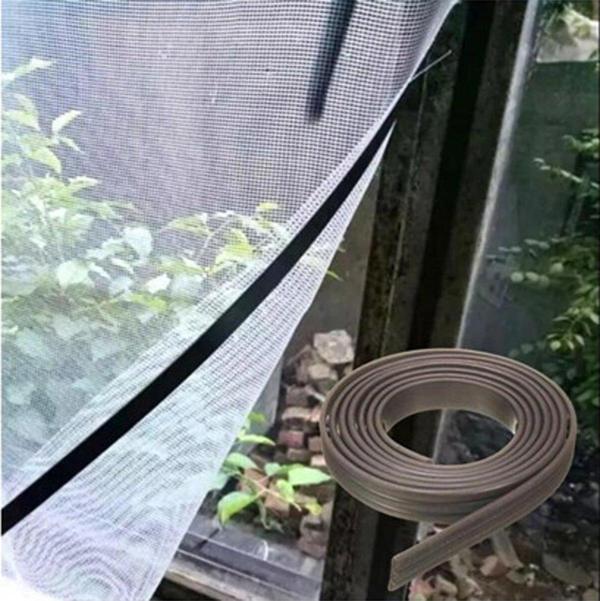 Contacall Yapışkanlı Şerit Mıknatıs Magnet 5Metre  Kes Kullan  Siyah Genişlik 9 mm Kalınlık 1,8 mm - Image 1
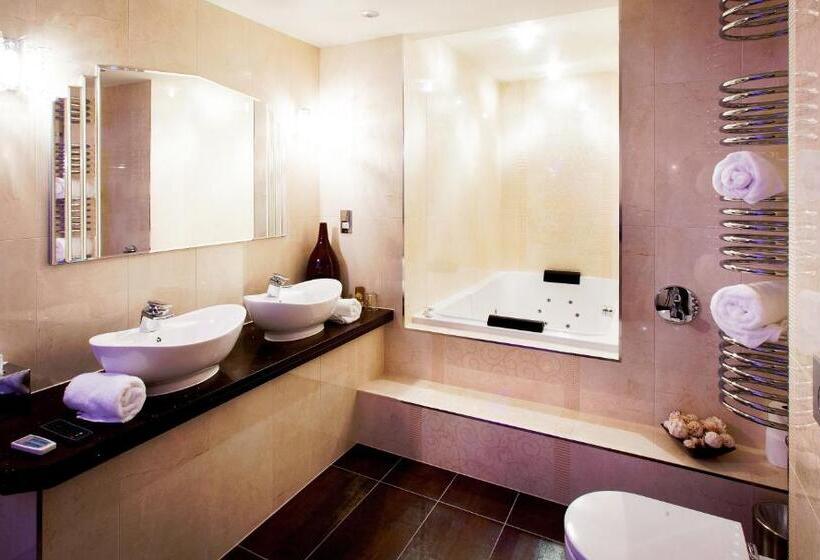 Applegarth Villa Hotel & Restaurant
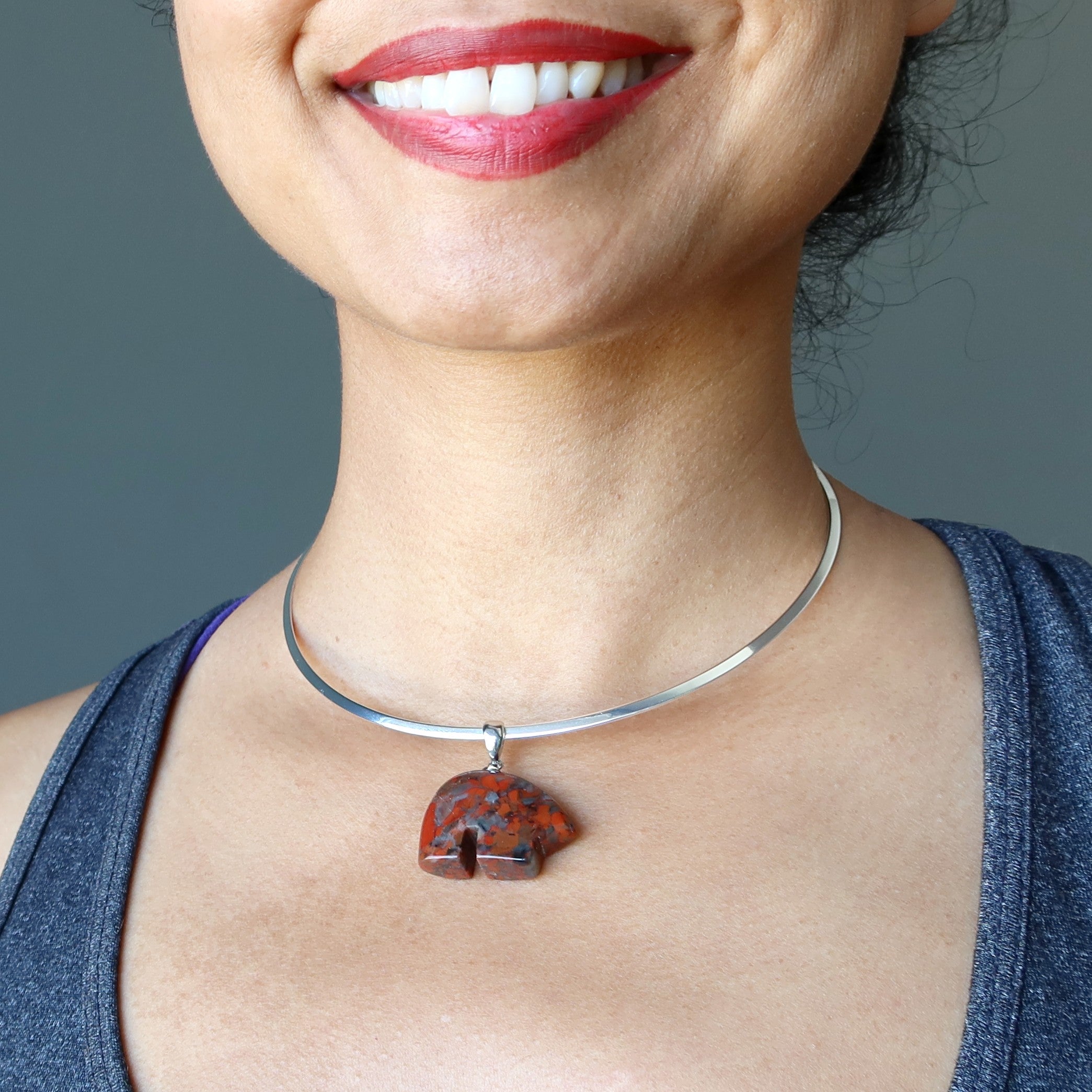 Roter Jaspis Halskette Schutzbär Silber Choker
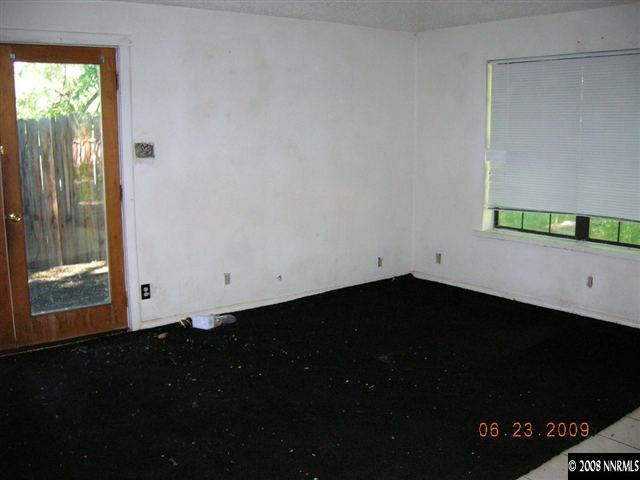 17900 South Virginia Street Reno, NV 89521 - Photo 5 of 9 a view of an empty room and window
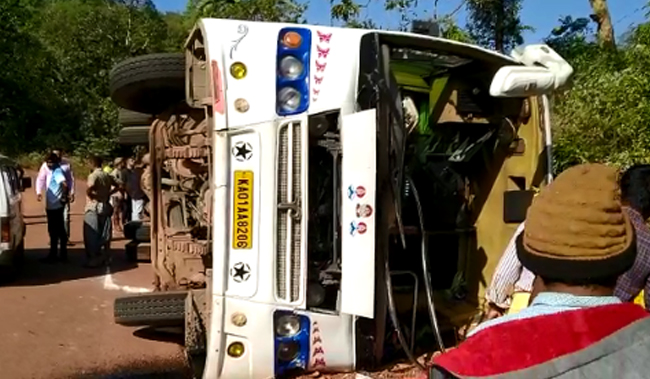 ಸಾಗರ: ಪ್ರವಾಸಕ್ಕೆ ಬಂದಿದ್ದ ಬಸ್ ಪಲ್ಟಿ, ಹಲವು ವಿದ್ಯಾರ್ಥಿಗಳಿಗೆ ಗಾಯ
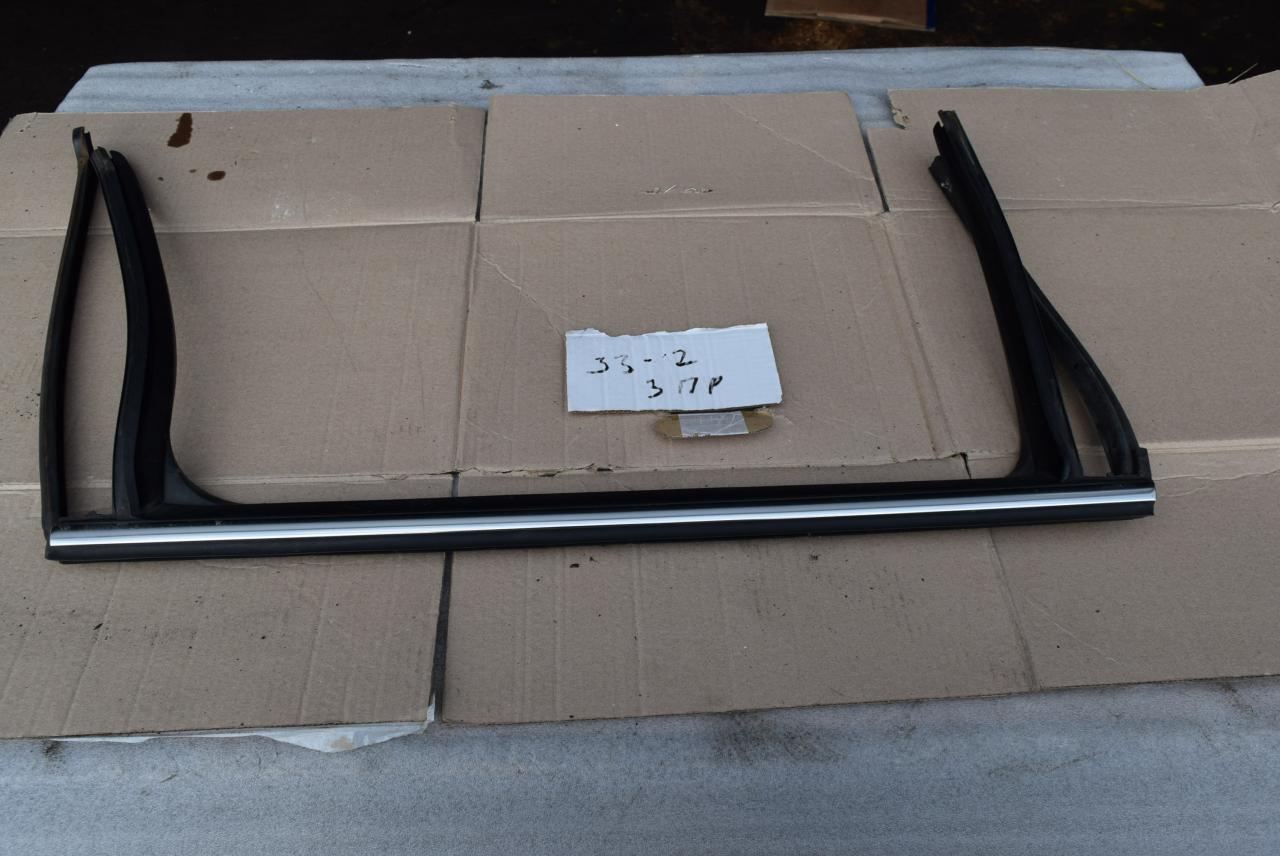 направляющая стекла задней Volkswagen Passat B6 2007, 2.0 л., дизель, МКПП, универсал, 3C9839432C - фото №1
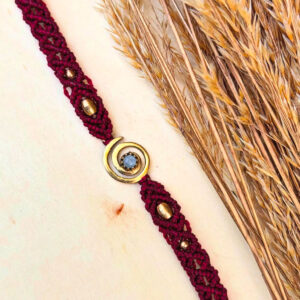 candice-mary-micro-macrame-creatrice-artisanat-lithotherapie-rochefort-du-gard-collier-ras-du-cou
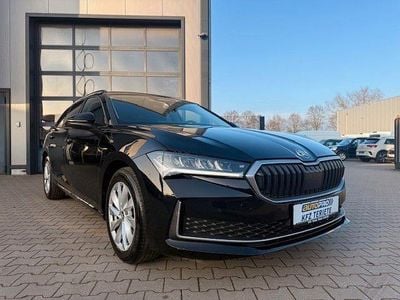 Schwarz Gebraucht 2025 Skoda Superb Selection Kombi | 32.990 € (Superpreis)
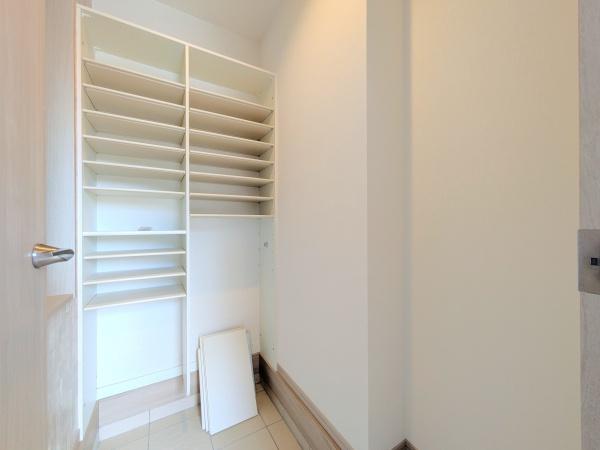 千葉市中央区矢作町 新築戸建(玄関)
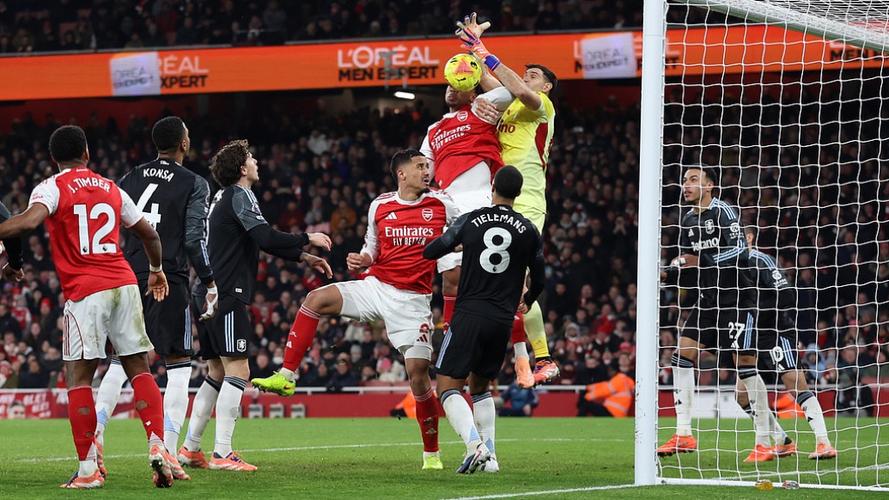 体坛联播｜枪手4比1大胜维拉，越位新规最快下赛季实施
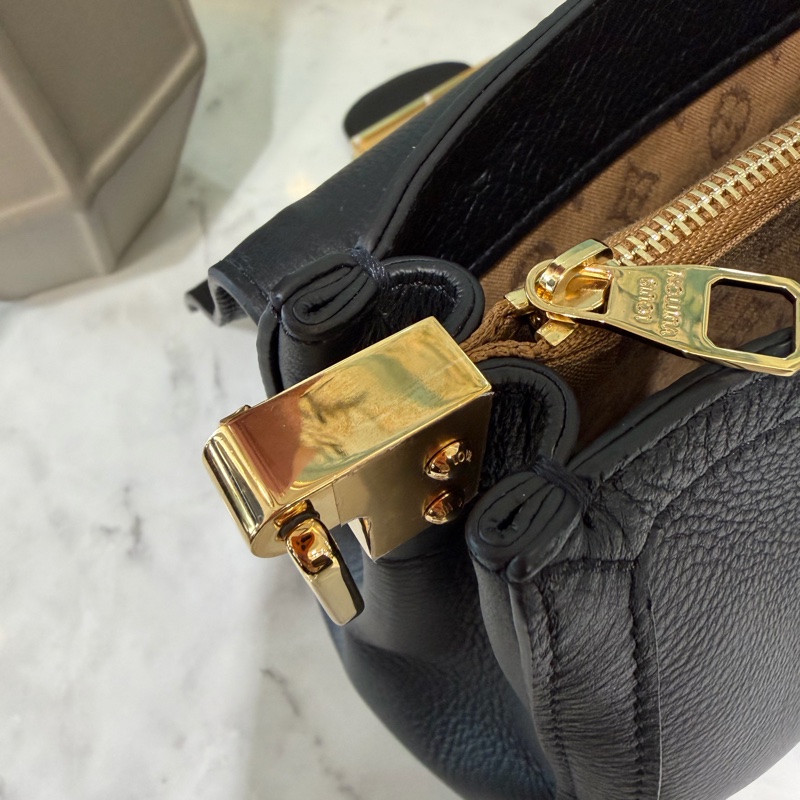 LV 黑牛皮Doupline Soft MM金釦肩斜背包M25209-6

____

WHAT THE TASK REQUIRES
The pictures stay out; repeat exactly the lines from the one with "体坛联播｜枪手4比1大胜维拉，越位新规最快下赛季实施" to the end of the entries above, and nothing else.

WRITTEN RESPONSE
 体坛联播｜枪手4比1大胜维拉，越位新规最快下赛季实施
 LV 黑牛皮Doupline Soft MM金釦肩斜背包M25209-6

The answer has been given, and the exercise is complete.